El pote era una olla con tres patas para colocarla sobre el fuego, o acaso con una cremallera para colgarla sobre él. Los potes fueron de cobre hasta que se generalizaron los de hierro en el siglo XIX, según relata el presidente de la Academia de Gastronomía Asturiana, Eduardo Méndez Riestra, en su voluminoso Diccionario de Cocina y Gastronomía de Asturias. El pote es identidad, más incluso que la fabada –con la que a menudo se compara–, pues su raigambre en las montañas como supervivencia invernal se remonta a siglos, hasta difuminarse el origen.

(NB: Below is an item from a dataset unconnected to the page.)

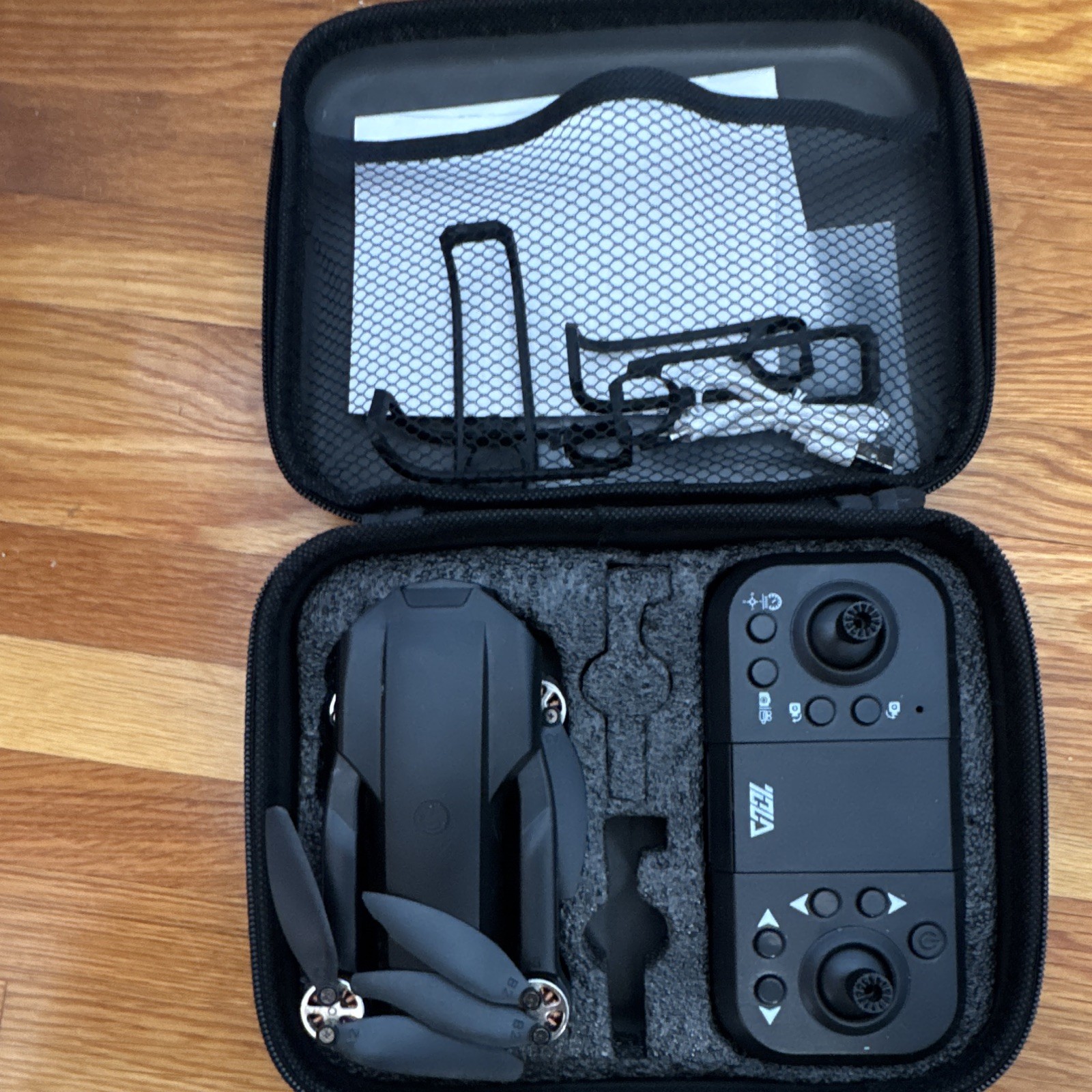 TEZA Foldable RC Quadcopter Drone w/ Remote Controller & Case, Black Electric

A esa olla –a menudo única en las casas– se echaba agua, engordada con harina de legumbres o cereal, para cocer las fieles berzas. Si aparecían alubias de cualquier tipo, se cambiaban por la harina. Más lo que quedara de carne en el hogar: un tasajo de tocino, un rabo, una pata; un poco de alguna chacina sobrante del día de fiesta. El pote marcaba el nivel diario de prosperidad de la gente humilde.
Hoy, sin embargo, el pote está categorizado: berzas, patatas, alubias secas y compango similar al de la fabada: chorizo, morcilla, tocino y lacón. Hay quien añade otros ingredientes, pero los antedichos son inevitables. Y así, remozado en puchero de categoría, aparente hermano pequeño de la fabada pero en absoluto menor, el pote se ilustra en guías, tienta con sus profundos perfumes a los turistas y propicia una competición entre restaurantes de toda España donde participan un centenar de negocios.
Su primer ganador fue un local ya legendario en Asturias: 'La Nueva Allandesa', situado en Pola de Allande, capital del concejo de Allande. Imposible perderse en el mapa con tanta redundancia. El punto de referencia para llegar a este pueblo de apenas 700 vecinos es precisamente este hotel y restaurante abierto hace 62 años. En todo ese tiempo, solo han dejado de servir pote tres días: cuando fallecieron los fundadores, y cuando se casó Geli Lacera, su actual alma mater, segunda generación. Su hija, Gelina Fernández, de 34 años, garantiza la continuidad.
¿Por qué seis décadas de fidelidad al pote? Porque fue el requisito impuesto por José González, un tío de la familia, indiano adinerado, quien les regaló el local con el único mandamiento de destacar entre la hostelería vecina con un plato fijo y supino. El que eligieran, pero que concediera fama al lugar. Y así fue. El peregrinaje hasta 'La Nueva Allandesa' en pos del pote mítico concentra hoy todos los vértices posibles. El asturiano peregrina a su santuario local. Lo hace también el visitante foráneo. Y por supuesto, el peregrino de Santiago, que al recorrer este tramo del Camino Primitivo –agreste, montañoso y hermoso–, hace parada y fonda al doble calor de las berzas y las mantas de 'La Allandesa' (el uso popular le ha quitado lo de "Nueva").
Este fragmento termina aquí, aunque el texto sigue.